More from Google Public Sector Summit:

The goal. By digitizing the voice traffic over radio, directions can be given via moving maps, text, and color codes. That data can also be used to optimize routes and improve efficiency. "Once you digitize the information you have all this information in one place that can be optimized," said Dr. Kalyanam. "There are 100 tasks that are needed between the time the plane lands, people get off and the plane is ready to take off again."

Dr. Kalyanam said this research could also apply to autonomous aircraft and refueling. "The traditional processes are mostly human-centric," he said. "Some of these things can be automated, but at the least you can make it easier for humans to perform tasks.”

He added that the motivation of the research is to provide a secondary source of information for the pilots.

Training models. Google Public Sector used multiple models for training, but training was done on a minimum data set of 10 hours of voice instructions. Google's base models were already trained on general English conversations but had to be customized by vocabulary and use case. The models would pick up voice instructions, transcribe them according to ground control's acronyms and vocabulary and create digitized instructions.

"It's almost like learning a new language," said Dr. Kalyanam. "There are words that we will never use in English because they mean completely different things. You need to get the right context. If you hear “Dealt” it most probably means “Delta” with the ‘-ah’ sound clipped. Sometimes you can’t hear parts of what is being said. You're training models to be as perfect as they can be in an imperfect environment."

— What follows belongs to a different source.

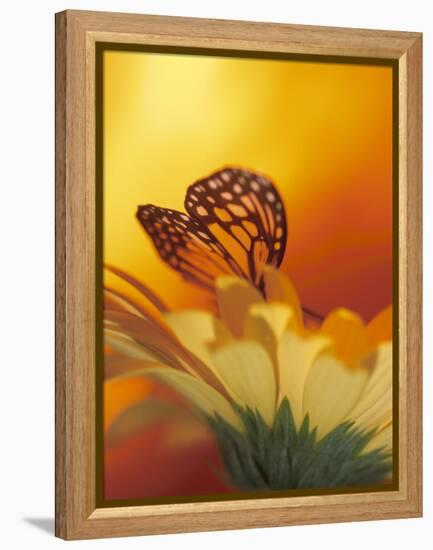 Monarch Butterfly on Daisy-null-Framed Premier Image Canvas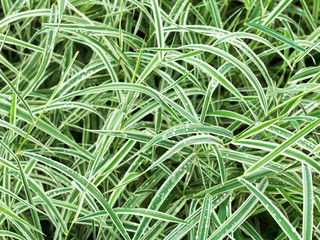 Sticker - natural background from wet green leaves of Carex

Google Public Sector and NASA worked with retired controllers to verify the ground truth as well as the voice commands and how the models performed. "The goal was to capture the taxi instruction with 100% accuracy," said Dr. Kalyanam. "There may be a conversation, but you want to be able to know that the pilot can't turn left from Charlie to Lima and then use that information. There's local knowledge about the airport layout that can be used to fix errors.”

Complicating the training effort is the reality that every airport is different, and the models will need to know local context—say the differences between the airport in Dallas vs. Tampa. It’s possible that models will need more fine tuning based on location of the airport. This fine-tuning will be even more important if this research is applied to international airports.

Working with Google Public Sector. Dr. Kalyanam said partnering with Google Public Sector made sense given Google's experience in AI, speech-to-text use cases and mapping. "We had some internal stuff we developed over the years, but the speech-to-text expertise was with Google," said Dr. Kalyanam. "Google has the models and has done the research."

Dr. Kalyanam added that Google Public Sector also had the engineers available to test multiple models and configurations for the audio. "Not one single model works best," said Dr. Kalyanam. "It took a lot of experimentation. This is custom engineering work. It's a good partnership since we don't have access to what's inside the box, but we can provide feedback so Google can build something. We also have retired controllers and pilots for model validation."

Metrics. Although it's early in the research process, Dr. Kalyanam said time saved and reduced mishaps will be core metrics. "If you end up in the wrong place it's a lot of time wasted because aircraft normally do not go in reverse," he said. "There's a lot of opportunity with digitized data. If you didn't make a turn, automation can alert you and give you new instructions. I think this process can be made simpler and hopefully less prone to error."

What's next? NASA and Google Public Sector are looking to publish their research and work with the FAA and the aviation industry. "There's a lot of interest in this research," said Dr. Kalyanam. "This is exploratory research, so we are ready to accept some failures. We are trying to prove this concept and maybe we'll simulate it in one airport and see how it adapts. We do the research, crunch the numbers and work with the FAA and industry to mature the technology for use."